The polynomial $x^3+y^4$ is irreducible in $\mathbb C[x, y]$, thus $\mathbb C[x, y]/(x^3+y^4)$ is an integral domain. My question is: Is $\mathbb C[[x, y]]/(x^3+y^4)$ also an integral domain?
Further thoughts: $\mathbb C[[x, y]]/(x^3+y^4)$ is the completion of the excellent reduced local ring $\mathbb C[x, y]_{(x,y)}/(x^3+y^4)$, hence $\mathbb C[[x, y]]/(x^3+y^4)$ is reduced ... being an integral domain, however, is a much stronger property.
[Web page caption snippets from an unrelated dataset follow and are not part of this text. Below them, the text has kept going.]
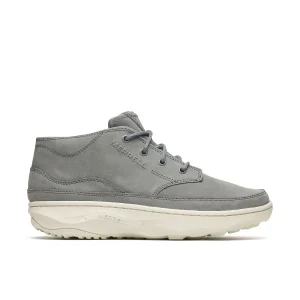 Zapatilla Hombre Silvo Chukka Gris Merrell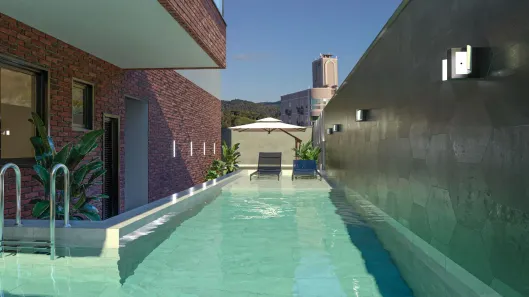 Apartamento com 3 Quartos à venda, 108m² no Centro, Balneário Camboriú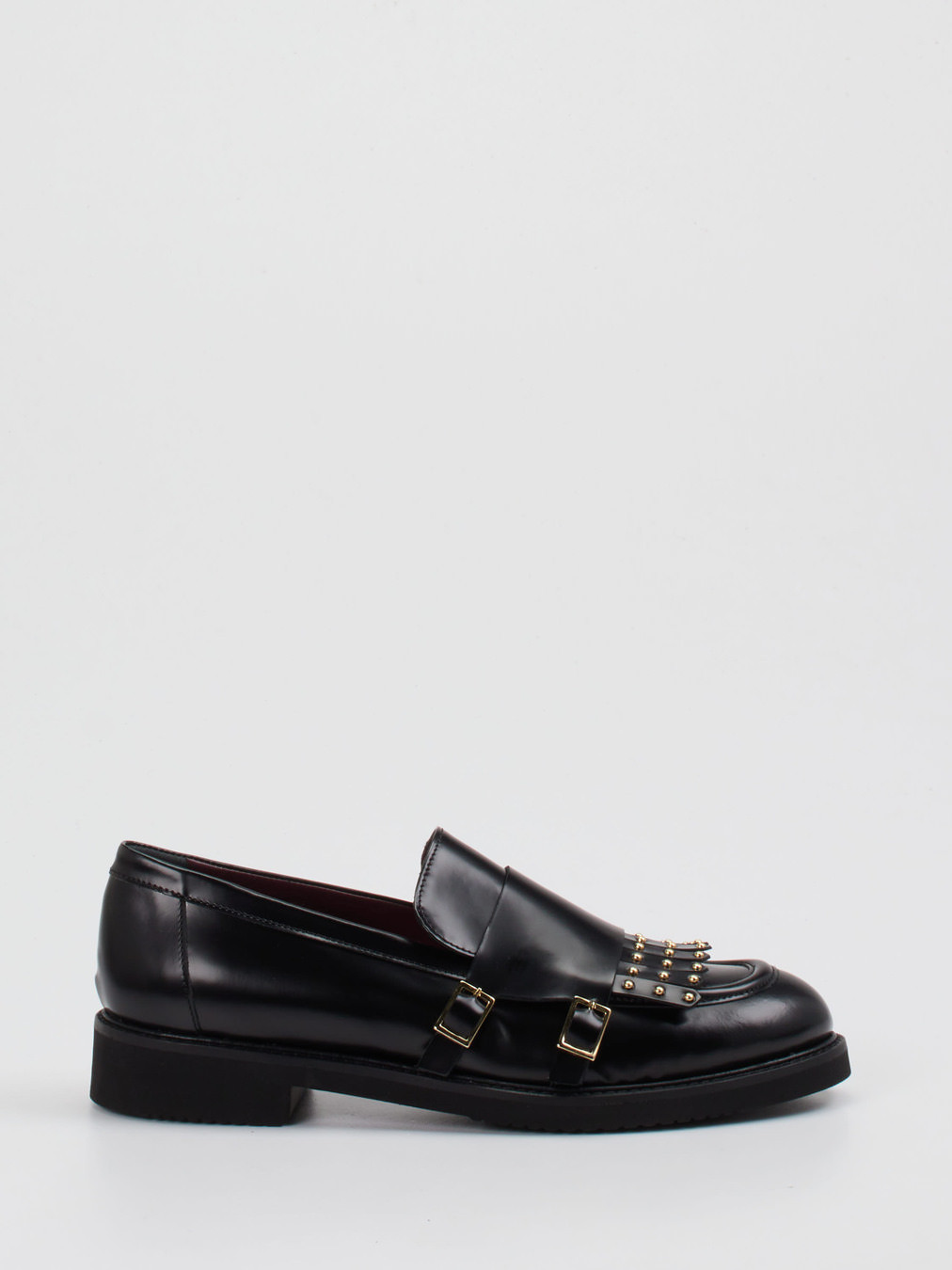 Slipper schwarz 1511009059501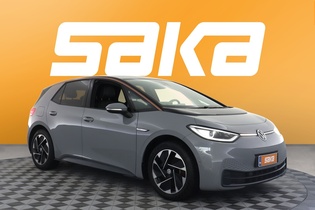 Volkswagen ID.3 vaihtoauto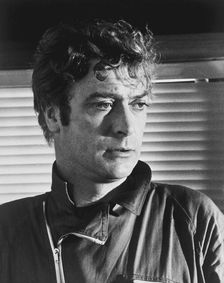 The Italian Job by Peter Collinson. Made in GB, 1969.Artist: Peter Collinson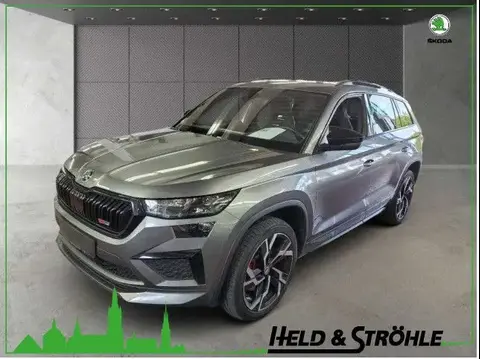 Annonce SKODA KODIAQ Essence 2023 d'occasion 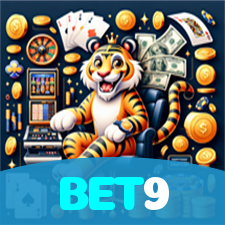 Problemas de Login no BET9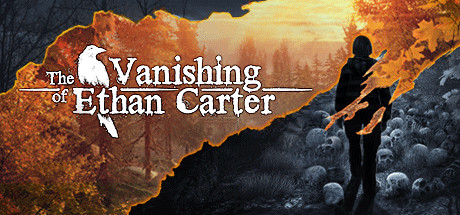 Игра The Vanishing of Ethan Carter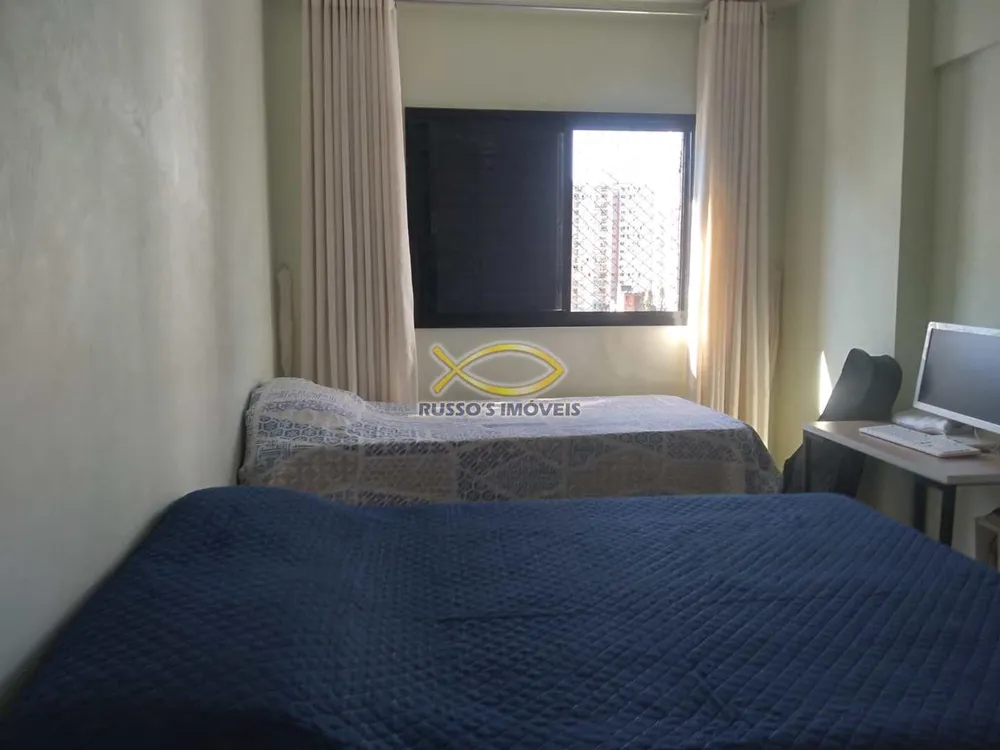Apartamento, 2 quartos, 75 m² - Foto 4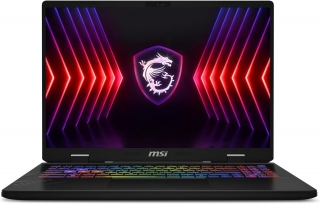 MSI Crosshair 17 HX D14VGKG-075TR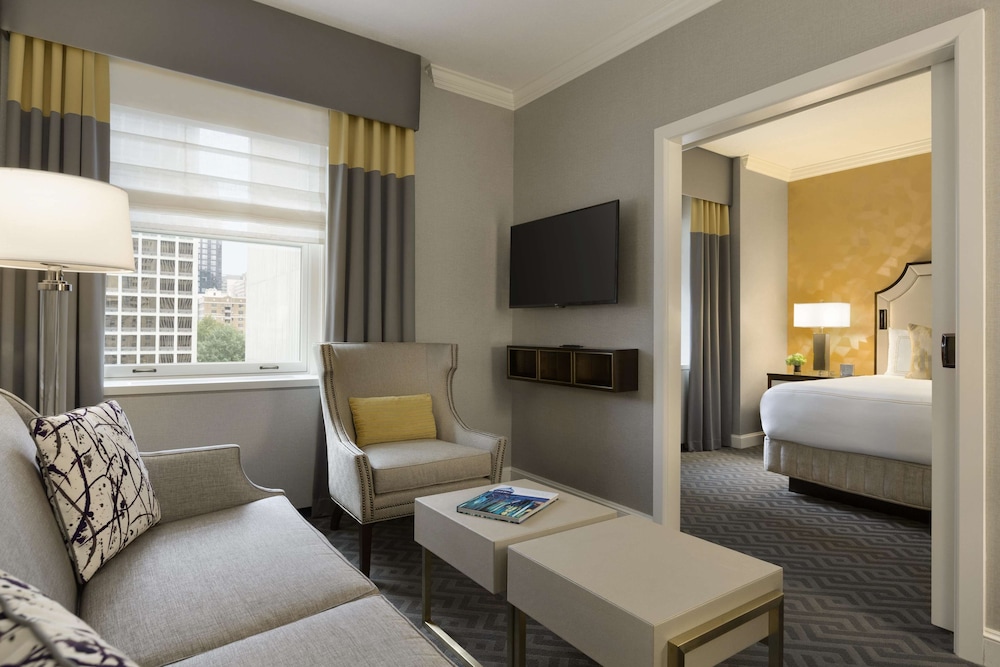 Fairmont Olympic Hotel Seattle 47/71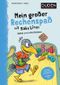 Mein großer Rechenspaß mit Rabe Linus - 1. Klasse Cover des Buches Mein großer Rechenspaß mit Rabe Linus - 1. Klasse (ISBN: 9783411772292)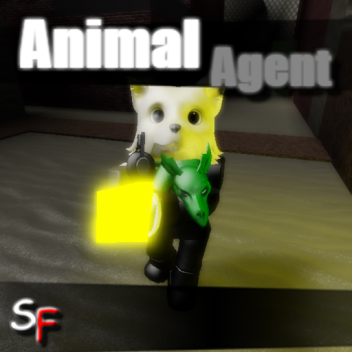 Animal Agent [InDev] (Outdated) [DES]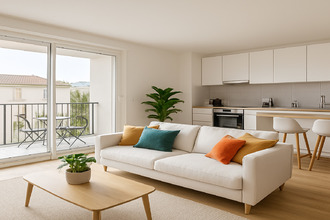achat appartement st-vincent-de-paul 33440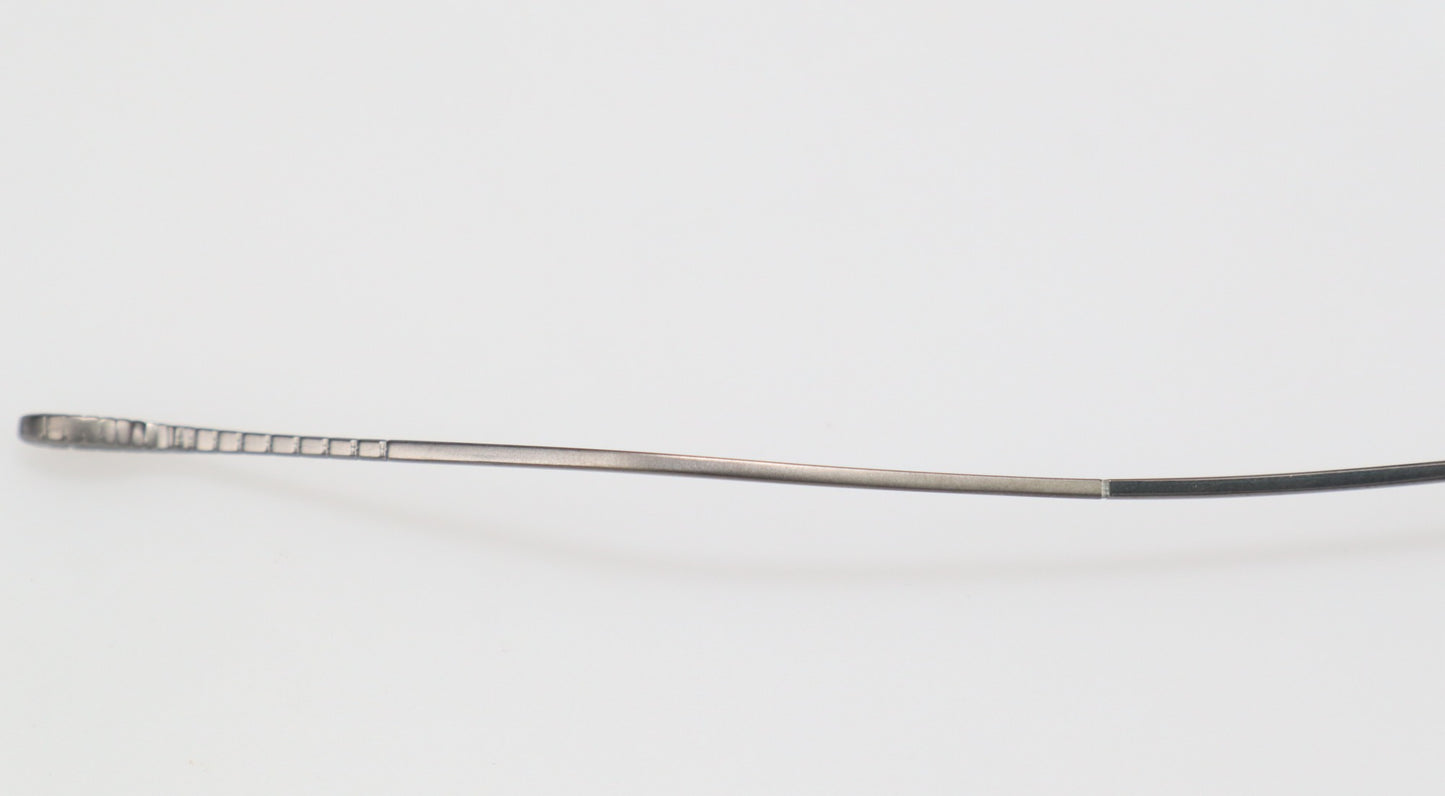 FTB-02フレーム F:ネイビーササ/T:グレー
Consider $\Bbb C[x,y]/(x^3+y^4)$. Let's first compute the normalization of this. We have $(\frac{x}{y})^{4}+x=0$, so the normalization contains $z:=\frac{x}{y}$. As $z^4=-x$ and $z^3=-y$, we get $\Bbb C[z] \supseteq R$. As a polynomial ring over a field, $\Bbb C[z]$ is integrally closed. Thus $\Bbb C[z]$ is the normalization of $\Bbb C[x,y]/(x^3+y^4)$ and expressing $x$ and $y$ in terms of $z$ as above, we get that $\Bbb C[x,y]/(x^3+y^4) \cong \Bbb C[z^3,z^4]$. Clearly the only prime ideal in $\Bbb C[z]$ lying over $(z^3,z^4)$ with respect to the normalization map $\Bbb C[z^3,z^4] \hookrightarrow \Bbb C[z]$ is $(z)$. Thus we get an induced map of local rings $\Bbb C[z^3,z^4]_{(z^3,z^4)} \hookrightarrow \Bbb C[z]_{(z)}$. By applying [stacks 0394], we get that $\Bbb C[[z]]$ is the $(z^3,z^4)$-adic completion of $\Bbb C[z]_{(z)}$. (It's easy to see that the required condition is satisfied.) But because $\Bbb C[z]_{(z)}$ is a finite $\Bbb C[z^3,z^4]_{(z^3,z^4)}$-module, this completion may be expressed as a tensor product $\Bbb C[z]_{(z)} \otimes_{A} \widehat{A}$, where $A=\Bbb C[z^3,z^4]_{(z^3,z^4)}$. To finish the argument, we use that $A \to \widehat{A}$ is flat, so the injection $A \to \Bbb C[z]_{(z)}$ induces an injection $A \otimes_A \widehat{A} \hookrightarrow \Bbb C[z]_{(z)} \otimes_{A} \widehat{A} \cong \Bbb C[[z]]$. Being isomorphic to a subring of an integral domain, $\widehat{A}$ is also an integral domain. In fact, if we know that $\widehat{A}$ is isomorphic to a subring of $\Bbb C[[z]]$, it's not hard to figure out that $\widehat{A}=\Bbb C[[z^3,z^4]]$.